Exercise description: Keep the images out and copy every entry below exactly.

Records excerpted from a collection:
☆ ☆ ☆

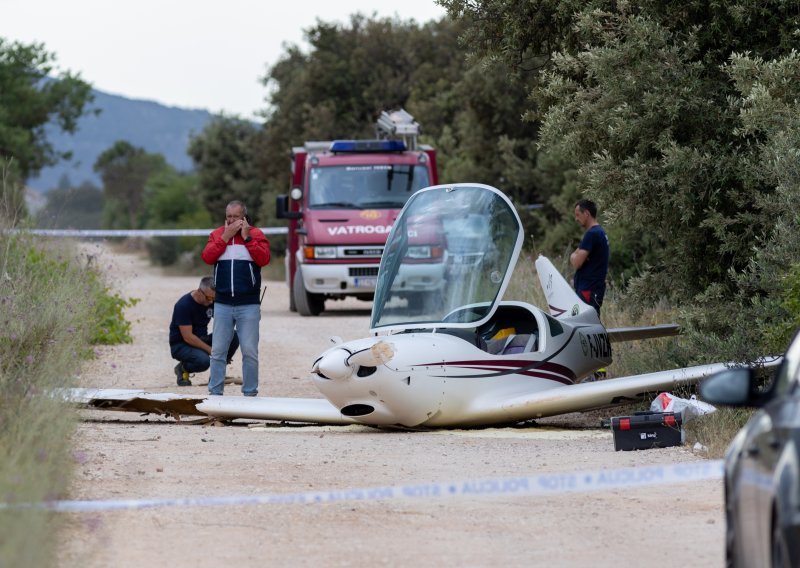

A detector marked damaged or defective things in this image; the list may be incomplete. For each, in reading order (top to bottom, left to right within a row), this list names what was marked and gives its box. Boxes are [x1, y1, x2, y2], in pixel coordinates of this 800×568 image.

broken wing section [68, 388, 356, 424]
crashed small airplane [70, 182, 780, 426]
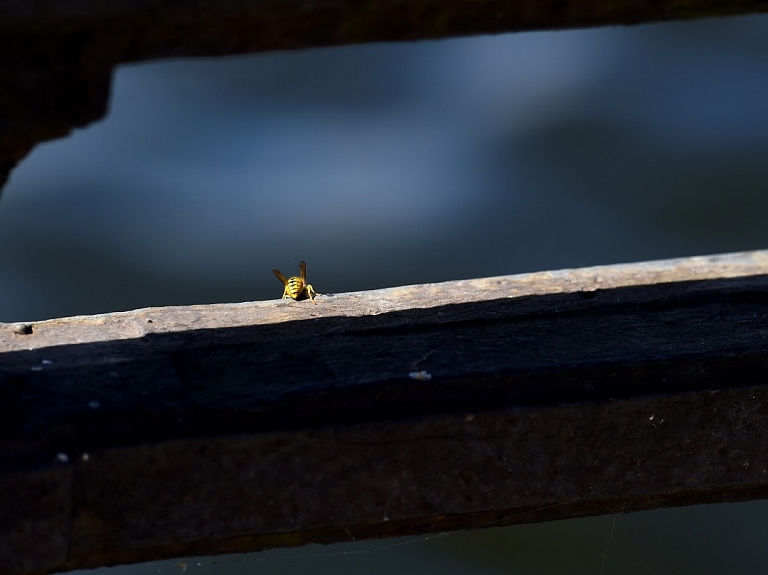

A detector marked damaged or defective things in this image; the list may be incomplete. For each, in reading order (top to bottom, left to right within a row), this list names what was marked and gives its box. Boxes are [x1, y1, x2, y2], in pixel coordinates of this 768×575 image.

rusted metal surface [1, 0, 768, 194]
rusted metal surface [3, 253, 768, 575]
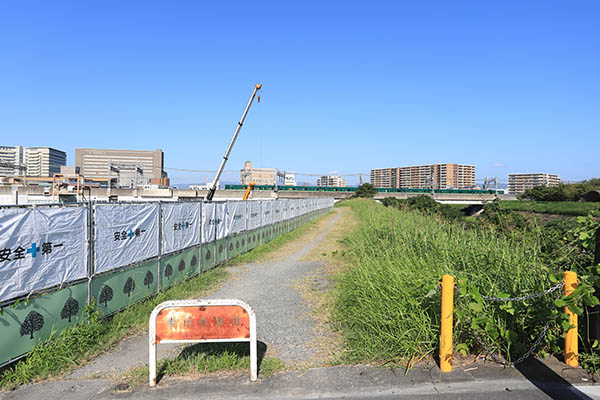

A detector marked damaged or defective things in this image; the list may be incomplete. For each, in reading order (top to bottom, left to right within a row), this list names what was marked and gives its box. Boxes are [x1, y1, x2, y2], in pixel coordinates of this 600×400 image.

rusty sign [149, 298, 256, 386]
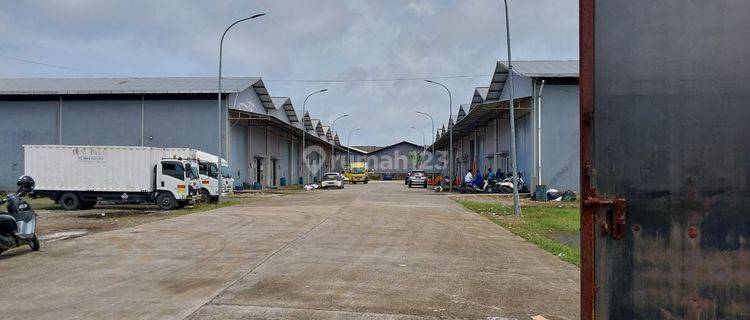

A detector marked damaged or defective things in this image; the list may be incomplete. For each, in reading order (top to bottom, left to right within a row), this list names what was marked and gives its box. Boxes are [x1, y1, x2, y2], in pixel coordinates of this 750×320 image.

rusty gate hinge [588, 195, 628, 240]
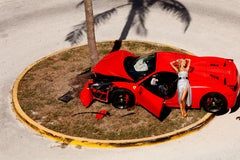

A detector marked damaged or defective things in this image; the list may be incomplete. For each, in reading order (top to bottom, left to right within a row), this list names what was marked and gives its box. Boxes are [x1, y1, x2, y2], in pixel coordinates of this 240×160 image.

crashed car [79, 50, 239, 117]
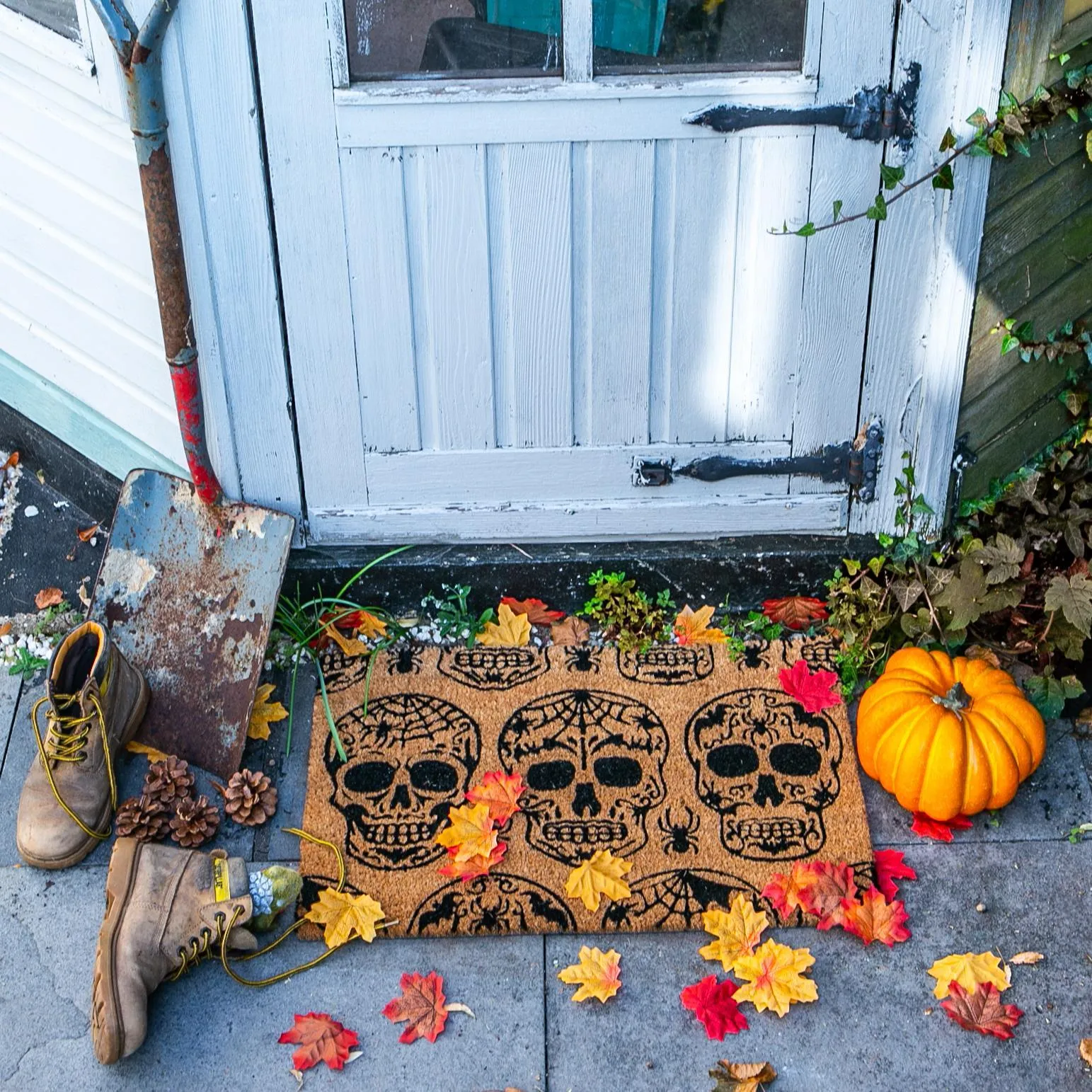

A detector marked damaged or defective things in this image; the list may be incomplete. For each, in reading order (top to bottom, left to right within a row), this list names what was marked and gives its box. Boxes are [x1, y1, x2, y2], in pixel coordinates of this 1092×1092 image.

rusty shovel [86, 2, 294, 786]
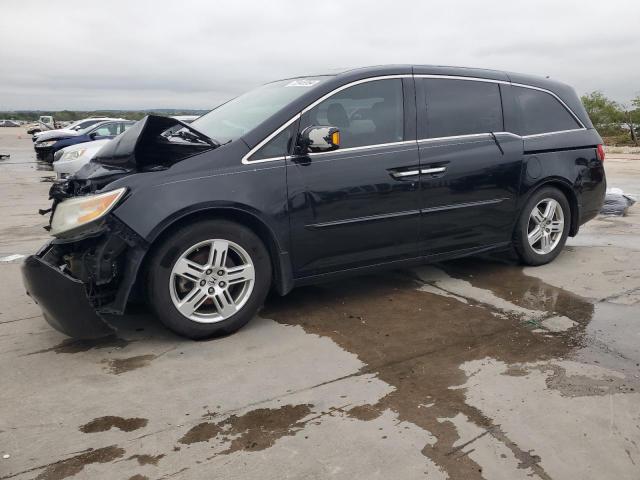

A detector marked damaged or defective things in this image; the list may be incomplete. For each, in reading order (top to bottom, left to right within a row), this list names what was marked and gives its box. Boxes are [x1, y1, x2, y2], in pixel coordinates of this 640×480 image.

damaged headlight [51, 188, 126, 236]
front end damage [20, 115, 215, 340]
crumpled bumper [21, 251, 114, 338]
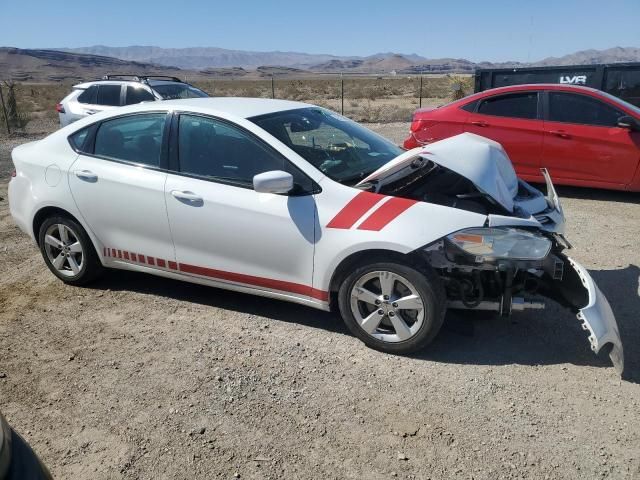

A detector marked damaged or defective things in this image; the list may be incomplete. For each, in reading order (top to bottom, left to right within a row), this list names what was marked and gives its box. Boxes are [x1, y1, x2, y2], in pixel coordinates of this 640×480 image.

crumpled hood [360, 132, 520, 213]
damaged white car [7, 99, 624, 374]
damaged front bumper [564, 256, 624, 374]
detached bumper cover [568, 256, 624, 374]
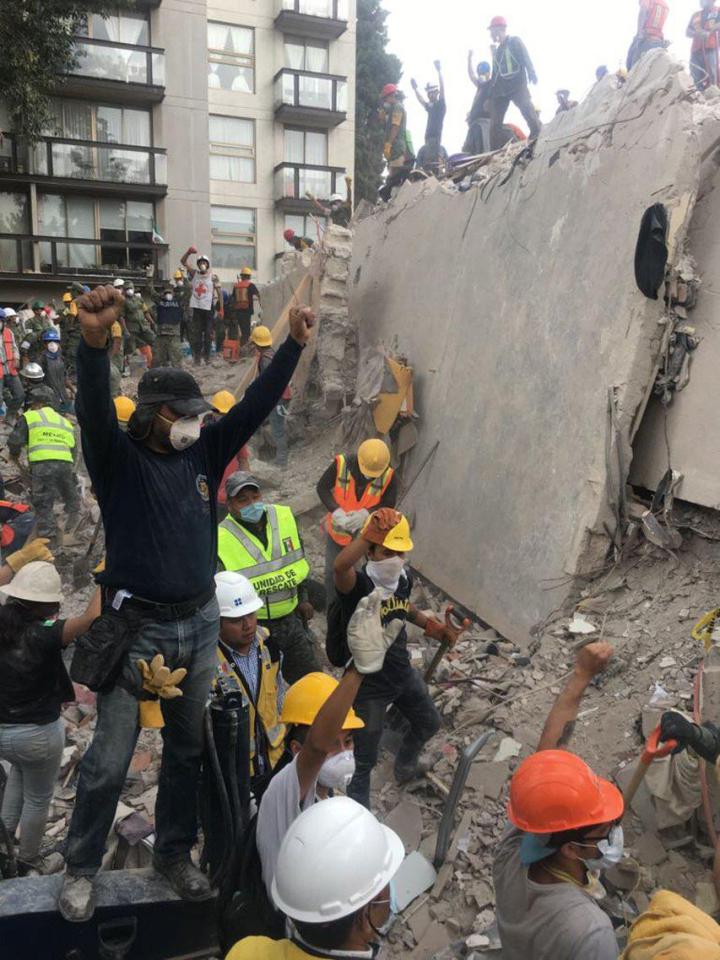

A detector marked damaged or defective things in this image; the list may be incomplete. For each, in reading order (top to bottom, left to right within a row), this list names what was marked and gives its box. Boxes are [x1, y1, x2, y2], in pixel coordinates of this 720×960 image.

cracked concrete surface [348, 54, 720, 652]
broken concrete block [386, 804, 424, 856]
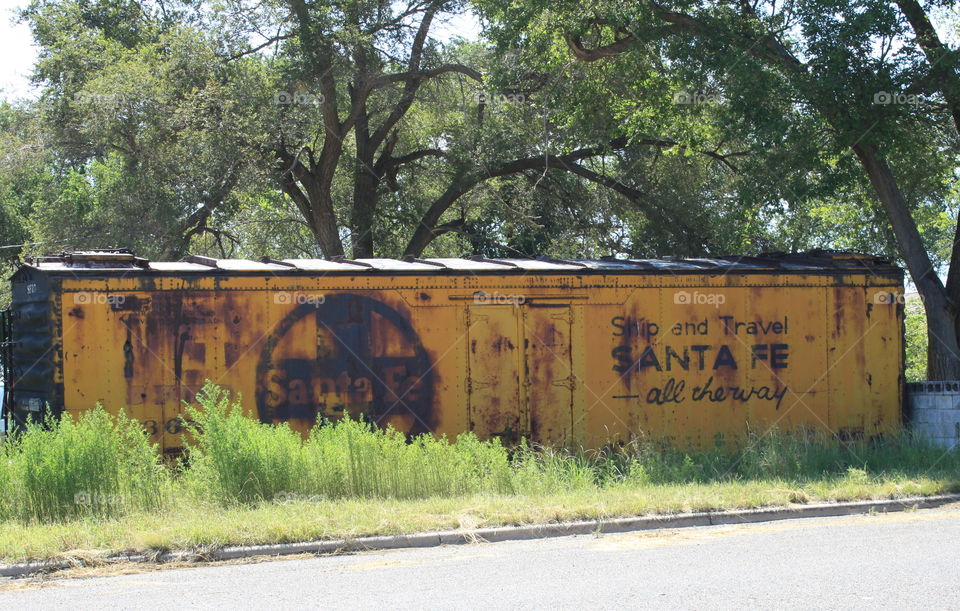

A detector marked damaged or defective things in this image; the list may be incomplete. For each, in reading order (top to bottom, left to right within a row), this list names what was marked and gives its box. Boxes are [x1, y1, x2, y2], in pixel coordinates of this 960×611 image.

rusty yellow railcar [0, 250, 904, 454]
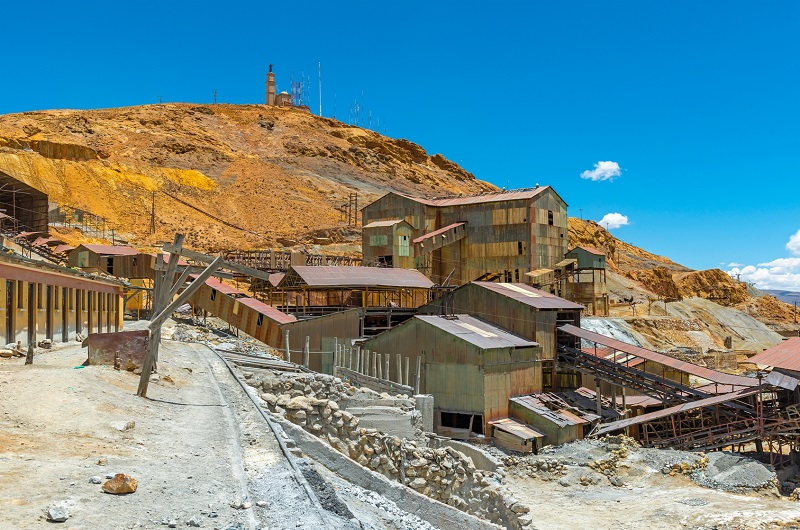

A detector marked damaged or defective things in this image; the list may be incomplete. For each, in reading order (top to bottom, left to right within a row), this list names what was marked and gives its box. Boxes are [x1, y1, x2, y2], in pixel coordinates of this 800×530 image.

rusty corrugated roof [416, 221, 466, 243]
rusty corrugated roof [284, 266, 434, 286]
rusty corrugated roof [472, 280, 584, 310]
rusty corrugated roof [416, 314, 536, 350]
rusty corrugated roof [564, 320, 756, 386]
rusty corrugated roof [748, 336, 800, 370]
rusty corrugated roof [592, 384, 764, 434]
rusty corrugated roof [488, 416, 544, 438]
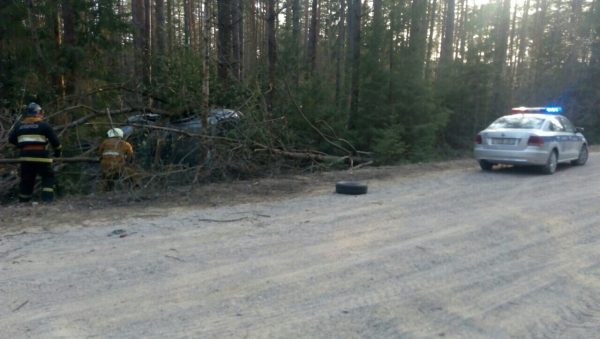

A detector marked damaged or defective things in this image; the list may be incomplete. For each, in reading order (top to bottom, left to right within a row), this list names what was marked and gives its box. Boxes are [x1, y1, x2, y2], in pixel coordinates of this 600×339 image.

crashed vehicle [119, 109, 244, 167]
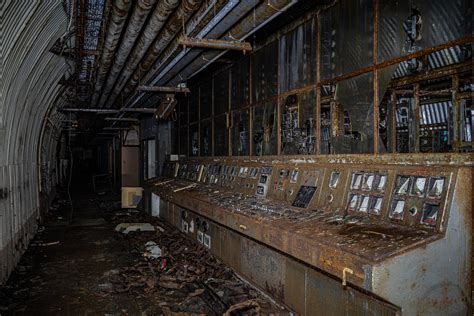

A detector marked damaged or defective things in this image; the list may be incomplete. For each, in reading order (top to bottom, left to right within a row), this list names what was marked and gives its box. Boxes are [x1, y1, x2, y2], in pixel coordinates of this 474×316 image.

rusted control console [146, 154, 472, 314]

☆ ☆ ☆

Exercise answer:
A detector marked damaged or defective things in this image; the list may be incomplete. For each, in reading order (top to bottom, left to right within a row), this list names what was marked and gives its box. Boxes are [x1, y1, x2, y2], in pixel coordinates of this 800×568 image.

broken wing section [68, 388, 356, 424]
crashed small airplane [70, 182, 780, 426]

A detector marked damaged or defective things in this image; the list may be incomplete. For each, in reading order (top to bottom, left to right within a row), this list names what was marked and gives its box. Boxes are [x1, y1, x2, y2], in pixel coordinates of this 768×575 image.

rusted metal surface [1, 0, 768, 194]
rusted metal surface [3, 253, 768, 575]

A detector marked damaged or defective things in this image; the list may be incomplete. For each, in reading order (top to bottom, left to right within a row), this list names what was marked and gives its box. Boxes are [x1, y1, x2, y2], in pixel coordinates of this 600×400 image.

rusty sign [149, 298, 256, 386]

A detector marked damaged or defective things in this image; the list may be incomplete. For each, in reading order (top to bottom, left to right within a row), this list names what was marked and gives its box. Boxes are [x1, y1, x2, y2], in pixel coordinates of this 750×320 image.

rusty gate hinge [588, 195, 628, 240]

A detector marked damaged or defective things in this image; the list may be incomplete. For each, in reading order (top to bottom, left to right within a row), this list names what was marked and gives its box. Boxes are [x1, y1, x2, y2], in pixel coordinates of this 240×160 image.

crashed car [79, 50, 239, 117]

A detector marked damaged or defective things in this image; the list may be incomplete. For each, in reading order (top to bottom, left to right within a row), this list names what was marked and gives its box. Boxes are [x1, y1, x2, y2], in pixel coordinates of this 1092×1092 image.

rusty shovel [86, 2, 294, 786]

A detector marked damaged or defective things in this image; the list may be incomplete. For each, in reading order (top to bottom, left to right within a row), this list names what was marked and gives its box. Boxes are [x1, y1, x2, y2], in pixel coordinates of this 640×480 image.

damaged headlight [51, 188, 126, 236]
front end damage [20, 115, 215, 340]
crumpled bumper [21, 251, 114, 338]

A detector marked damaged or defective things in this image; the list may be incomplete. For each, in reading order (top to bottom, left to right within a row), this list names what was marked and gives its box. Boxes are [x1, y1, x2, y2], in pixel coordinates of this 640×480 image.

crumpled hood [360, 132, 520, 213]
damaged white car [7, 99, 624, 374]
damaged front bumper [564, 256, 624, 374]
detached bumper cover [568, 256, 624, 374]

A detector marked damaged or defective things in this image; the list may be incomplete. For each, in reading order (top to bottom, left to right within a row), this list names what was marked and gives its box. Boxes are [x1, y1, x2, y2], in pixel coordinates of this 720×960 image.

cracked concrete surface [348, 54, 720, 652]
broken concrete block [386, 804, 424, 856]

A detector marked damaged or defective things in this image; the list may be incomplete. For each, in reading order (top to bottom, left to right within a row), this list names what was marked and gives its box. Boxes are [x1, y1, x2, y2], in pixel coordinates of this 960×611 image.

rusty yellow railcar [0, 250, 904, 454]

A detector marked damaged or defective things in this image; the list may be incomplete. For each, in reading order (top to bottom, left to right within a row), this list names what was marked and gives its box. Boxes are [x1, y1, x2, y2], in pixel coordinates of this 800×530 image.

rusty corrugated roof [416, 221, 466, 243]
rusty corrugated roof [284, 266, 434, 286]
rusty corrugated roof [472, 280, 584, 310]
rusty corrugated roof [416, 314, 536, 350]
rusty corrugated roof [564, 320, 756, 386]
rusty corrugated roof [748, 336, 800, 370]
rusty corrugated roof [592, 384, 764, 434]
rusty corrugated roof [488, 416, 544, 438]

A detector marked damaged or defective things in this image; the list may be incomplete. For each, in reading order (top to bottom, left to right within a row), this list names what was marked and gives its box. Boxes are [x1, y1, x2, y2], in pixel coordinates of this 600×339 image.

crashed vehicle [119, 109, 244, 167]

A detector marked damaged or defective things in this image; the list may be incomplete. For each, in reading order (top to bottom, left to right within a row), this list names what was marked and gives its box. Boxes are [x1, y1, x2, y2], in pixel coordinates of this 474×316 image.

rusted control console [146, 154, 472, 314]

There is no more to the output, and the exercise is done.